Source records
-- -- --

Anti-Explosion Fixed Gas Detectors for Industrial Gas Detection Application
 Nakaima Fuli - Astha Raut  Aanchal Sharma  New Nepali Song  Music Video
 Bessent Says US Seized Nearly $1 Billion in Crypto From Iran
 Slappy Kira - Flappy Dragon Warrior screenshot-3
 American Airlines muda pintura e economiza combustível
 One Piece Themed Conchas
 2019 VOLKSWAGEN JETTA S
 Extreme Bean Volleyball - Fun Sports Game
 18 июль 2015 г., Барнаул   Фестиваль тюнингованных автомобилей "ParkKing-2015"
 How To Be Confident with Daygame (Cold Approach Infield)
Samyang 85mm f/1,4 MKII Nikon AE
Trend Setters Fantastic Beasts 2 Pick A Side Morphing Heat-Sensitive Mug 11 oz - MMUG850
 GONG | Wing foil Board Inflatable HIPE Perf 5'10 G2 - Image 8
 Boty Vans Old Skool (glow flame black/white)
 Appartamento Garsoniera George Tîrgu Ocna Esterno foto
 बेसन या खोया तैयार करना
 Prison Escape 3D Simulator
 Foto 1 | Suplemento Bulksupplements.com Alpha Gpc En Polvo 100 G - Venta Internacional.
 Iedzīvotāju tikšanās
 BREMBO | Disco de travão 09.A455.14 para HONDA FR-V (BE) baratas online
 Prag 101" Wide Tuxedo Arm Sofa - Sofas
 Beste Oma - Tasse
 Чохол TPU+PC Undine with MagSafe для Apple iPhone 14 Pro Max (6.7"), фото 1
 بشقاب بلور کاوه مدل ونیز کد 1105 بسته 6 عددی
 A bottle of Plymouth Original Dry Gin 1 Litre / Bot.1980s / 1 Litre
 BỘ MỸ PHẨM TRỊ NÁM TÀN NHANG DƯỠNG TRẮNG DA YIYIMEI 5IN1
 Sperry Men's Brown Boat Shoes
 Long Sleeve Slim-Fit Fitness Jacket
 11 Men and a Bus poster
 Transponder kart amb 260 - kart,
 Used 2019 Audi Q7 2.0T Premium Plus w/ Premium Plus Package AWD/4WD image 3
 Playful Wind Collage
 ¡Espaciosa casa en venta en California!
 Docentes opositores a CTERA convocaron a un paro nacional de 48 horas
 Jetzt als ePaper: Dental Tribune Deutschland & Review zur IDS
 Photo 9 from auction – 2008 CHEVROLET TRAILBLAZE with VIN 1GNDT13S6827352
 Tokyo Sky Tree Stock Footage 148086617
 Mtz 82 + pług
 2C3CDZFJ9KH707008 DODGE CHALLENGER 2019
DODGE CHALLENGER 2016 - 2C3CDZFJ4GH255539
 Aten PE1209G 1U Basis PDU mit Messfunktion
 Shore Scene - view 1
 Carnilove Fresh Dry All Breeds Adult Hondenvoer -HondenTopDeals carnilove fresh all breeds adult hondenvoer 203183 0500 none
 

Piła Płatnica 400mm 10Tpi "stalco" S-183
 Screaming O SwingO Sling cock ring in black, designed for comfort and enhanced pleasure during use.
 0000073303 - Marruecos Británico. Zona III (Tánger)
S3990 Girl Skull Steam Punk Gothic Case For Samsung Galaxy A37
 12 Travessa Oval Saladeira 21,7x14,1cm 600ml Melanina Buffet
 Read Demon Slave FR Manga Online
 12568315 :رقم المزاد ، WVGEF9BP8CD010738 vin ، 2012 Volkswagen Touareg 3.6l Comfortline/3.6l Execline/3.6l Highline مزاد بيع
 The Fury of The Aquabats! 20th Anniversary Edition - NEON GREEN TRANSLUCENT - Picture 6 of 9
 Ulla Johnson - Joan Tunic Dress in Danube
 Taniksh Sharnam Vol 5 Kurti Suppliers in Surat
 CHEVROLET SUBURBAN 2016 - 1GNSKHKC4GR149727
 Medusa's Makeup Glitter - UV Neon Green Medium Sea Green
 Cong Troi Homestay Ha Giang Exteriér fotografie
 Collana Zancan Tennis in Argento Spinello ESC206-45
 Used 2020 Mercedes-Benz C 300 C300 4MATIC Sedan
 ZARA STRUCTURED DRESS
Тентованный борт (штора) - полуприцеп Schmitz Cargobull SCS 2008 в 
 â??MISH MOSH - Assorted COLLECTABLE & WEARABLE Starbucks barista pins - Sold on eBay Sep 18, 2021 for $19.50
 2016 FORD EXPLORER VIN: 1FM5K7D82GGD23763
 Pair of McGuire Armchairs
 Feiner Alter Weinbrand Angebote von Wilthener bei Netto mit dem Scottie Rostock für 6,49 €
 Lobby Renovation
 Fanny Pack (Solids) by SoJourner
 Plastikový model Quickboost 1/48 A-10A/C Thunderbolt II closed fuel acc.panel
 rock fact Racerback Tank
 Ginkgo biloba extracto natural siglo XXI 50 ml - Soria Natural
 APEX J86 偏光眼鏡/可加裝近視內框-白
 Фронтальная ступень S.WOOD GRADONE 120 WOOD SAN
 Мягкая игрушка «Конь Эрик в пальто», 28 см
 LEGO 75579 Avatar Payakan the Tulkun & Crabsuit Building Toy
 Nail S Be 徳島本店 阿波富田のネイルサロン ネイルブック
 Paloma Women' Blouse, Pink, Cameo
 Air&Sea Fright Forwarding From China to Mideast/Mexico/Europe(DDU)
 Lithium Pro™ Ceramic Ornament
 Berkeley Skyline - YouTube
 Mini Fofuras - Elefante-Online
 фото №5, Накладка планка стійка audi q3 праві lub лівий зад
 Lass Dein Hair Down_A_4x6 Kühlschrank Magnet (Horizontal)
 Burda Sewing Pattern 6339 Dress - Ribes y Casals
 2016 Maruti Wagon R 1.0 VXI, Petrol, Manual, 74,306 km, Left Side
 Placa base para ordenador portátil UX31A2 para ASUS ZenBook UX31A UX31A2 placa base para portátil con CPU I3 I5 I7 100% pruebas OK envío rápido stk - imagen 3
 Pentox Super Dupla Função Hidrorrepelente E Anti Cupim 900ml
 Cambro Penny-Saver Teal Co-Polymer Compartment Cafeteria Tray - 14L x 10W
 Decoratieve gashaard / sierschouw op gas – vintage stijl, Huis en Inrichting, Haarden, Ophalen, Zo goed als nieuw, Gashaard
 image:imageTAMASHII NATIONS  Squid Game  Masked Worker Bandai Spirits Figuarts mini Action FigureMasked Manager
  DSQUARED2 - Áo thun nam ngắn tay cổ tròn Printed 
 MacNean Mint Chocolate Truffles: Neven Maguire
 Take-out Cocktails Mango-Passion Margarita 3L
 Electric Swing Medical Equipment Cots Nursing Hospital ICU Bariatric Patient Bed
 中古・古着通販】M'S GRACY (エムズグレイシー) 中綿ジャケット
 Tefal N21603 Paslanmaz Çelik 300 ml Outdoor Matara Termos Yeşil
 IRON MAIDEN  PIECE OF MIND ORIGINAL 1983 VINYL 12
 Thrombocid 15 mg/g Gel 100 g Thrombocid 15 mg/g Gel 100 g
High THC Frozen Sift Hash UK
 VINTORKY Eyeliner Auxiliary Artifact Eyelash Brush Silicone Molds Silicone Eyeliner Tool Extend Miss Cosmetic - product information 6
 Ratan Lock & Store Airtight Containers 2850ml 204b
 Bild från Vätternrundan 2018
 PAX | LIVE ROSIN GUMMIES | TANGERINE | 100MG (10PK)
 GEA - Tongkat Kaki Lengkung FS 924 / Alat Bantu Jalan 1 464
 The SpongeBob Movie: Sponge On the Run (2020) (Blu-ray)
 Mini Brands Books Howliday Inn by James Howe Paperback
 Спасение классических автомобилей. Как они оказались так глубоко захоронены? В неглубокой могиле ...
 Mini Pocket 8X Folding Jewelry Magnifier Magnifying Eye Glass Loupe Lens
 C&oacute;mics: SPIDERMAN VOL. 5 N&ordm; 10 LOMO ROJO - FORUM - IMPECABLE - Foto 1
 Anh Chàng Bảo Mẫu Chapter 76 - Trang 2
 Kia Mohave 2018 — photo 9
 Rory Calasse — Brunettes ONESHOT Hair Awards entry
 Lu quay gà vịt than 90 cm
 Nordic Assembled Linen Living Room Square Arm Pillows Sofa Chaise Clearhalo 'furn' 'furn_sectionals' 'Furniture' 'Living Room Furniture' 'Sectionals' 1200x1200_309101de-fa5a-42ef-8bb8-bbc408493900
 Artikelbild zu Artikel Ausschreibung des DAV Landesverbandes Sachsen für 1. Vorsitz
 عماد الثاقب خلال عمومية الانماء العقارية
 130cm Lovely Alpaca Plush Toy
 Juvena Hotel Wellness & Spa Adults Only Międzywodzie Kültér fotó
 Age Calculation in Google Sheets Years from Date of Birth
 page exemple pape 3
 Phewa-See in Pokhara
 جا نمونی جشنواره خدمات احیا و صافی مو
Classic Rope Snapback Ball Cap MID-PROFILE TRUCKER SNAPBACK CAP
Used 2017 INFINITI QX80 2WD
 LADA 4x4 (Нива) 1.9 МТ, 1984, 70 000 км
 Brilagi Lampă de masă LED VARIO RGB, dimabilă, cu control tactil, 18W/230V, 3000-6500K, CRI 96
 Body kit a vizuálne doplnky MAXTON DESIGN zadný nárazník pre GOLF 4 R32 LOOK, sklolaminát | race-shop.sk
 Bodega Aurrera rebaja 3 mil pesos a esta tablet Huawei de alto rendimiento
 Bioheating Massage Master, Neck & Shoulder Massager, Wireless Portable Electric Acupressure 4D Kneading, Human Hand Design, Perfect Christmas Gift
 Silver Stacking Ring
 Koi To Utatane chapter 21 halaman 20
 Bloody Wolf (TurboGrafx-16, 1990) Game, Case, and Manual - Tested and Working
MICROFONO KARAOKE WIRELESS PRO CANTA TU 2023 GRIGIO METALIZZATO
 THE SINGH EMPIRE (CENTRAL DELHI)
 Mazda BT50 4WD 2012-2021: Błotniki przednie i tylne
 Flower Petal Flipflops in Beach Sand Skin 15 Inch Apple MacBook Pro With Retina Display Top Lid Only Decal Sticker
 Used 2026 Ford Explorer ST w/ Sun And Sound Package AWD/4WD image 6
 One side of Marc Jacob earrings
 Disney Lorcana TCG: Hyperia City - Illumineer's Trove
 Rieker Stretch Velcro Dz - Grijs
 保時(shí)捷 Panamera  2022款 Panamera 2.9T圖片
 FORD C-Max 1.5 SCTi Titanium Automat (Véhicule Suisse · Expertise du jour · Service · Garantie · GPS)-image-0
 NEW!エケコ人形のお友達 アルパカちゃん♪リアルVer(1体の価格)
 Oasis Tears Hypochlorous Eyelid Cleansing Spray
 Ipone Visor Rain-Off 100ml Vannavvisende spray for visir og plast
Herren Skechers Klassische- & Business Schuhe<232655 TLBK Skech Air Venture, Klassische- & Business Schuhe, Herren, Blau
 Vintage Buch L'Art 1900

-- -- --

What you will do: Among the records above, extract exactly the lines from the line with "GEA - Tongkat" to the line with "Flower Petal Flipflops", both lines included, and leave out the rest.

Exercise solution:
 GEA - Tongkat Kaki Lengkung FS 924 / Alat Bantu Jalan 1 464
 The SpongeBob Movie: Sponge On the Run (2020) (Blu-ray)
 Mini Brands Books Howliday Inn by James Howe Paperback
 Спасение классических автомобилей. Как они оказались так глубоко захоронены? В неглубокой могиле ...
 Mini Pocket 8X Folding Jewelry Magnifier Magnifying Eye Glass Loupe Lens
 C&oacute;mics: SPIDERMAN VOL. 5 N&ordm; 10 LOMO ROJO - FORUM - IMPECABLE - Foto 1
 Anh Chàng Bảo Mẫu Chapter 76 - Trang 2
 Kia Mohave 2018 — photo 9
 Rory Calasse — Brunettes ONESHOT Hair Awards entry
 Lu quay gà vịt than 90 cm
 Nordic Assembled Linen Living Room Square Arm Pillows Sofa Chaise Clearhalo 'furn' 'furn_sectionals' 'Furniture' 'Living Room Furniture' 'Sectionals' 1200x1200_309101de-fa5a-42ef-8bb8-bbc408493900
 Artikelbild zu Artikel Ausschreibung des DAV Landesverbandes Sachsen für 1. Vorsitz
 عماد الثاقب خلال عمومية الانماء العقارية
 130cm Lovely Alpaca Plush Toy
 Juvena Hotel Wellness & Spa Adults Only Międzywodzie Kültér fotó
 Age Calculation in Google Sheets Years from Date of Birth
 page exemple pape 3
 Phewa-See in Pokhara
 جا نمونی جشنواره خدمات احیا و صافی مو
Classic Rope Snapback Ball Cap MID-PROFILE TRUCKER SNAPBACK CAP
Used 2017 INFINITI QX80 2WD
 LADA 4x4 (Нива) 1.9 МТ, 1984, 70 000 км
 Brilagi Lampă de masă LED VARIO RGB, dimabilă, cu control tactil, 18W/230V, 3000-6500K, CRI 96
 Body kit a vizuálne doplnky MAXTON DESIGN zadný nárazník pre GOLF 4 R32 LOOK, sklolaminát | race-shop.sk
 Bodega Aurrera rebaja 3 mil pesos a esta tablet Huawei de alto rendimiento
 Bioheating Massage Master, Neck & Shoulder Massager, Wireless Portable Electric Acupressure 4D Kneading, Human Hand Design, Perfect Christmas Gift
 Silver Stacking Ring
 Koi To Utatane chapter 21 halaman 20
 Bloody Wolf (TurboGrafx-16, 1990) Game, Case, and Manual - Tested and Working
MICROFONO KARAOKE WIRELESS PRO CANTA TU 2023 GRIGIO METALIZZATO
 THE SINGH EMPIRE (CENTRAL DELHI)
 Mazda BT50 4WD 2012-2021: Błotniki przednie i tylne
 Flower Petal Flipflops in Beach Sand Skin 15 Inch Apple MacBook Pro With Retina Display Top Lid Only Decal Sticker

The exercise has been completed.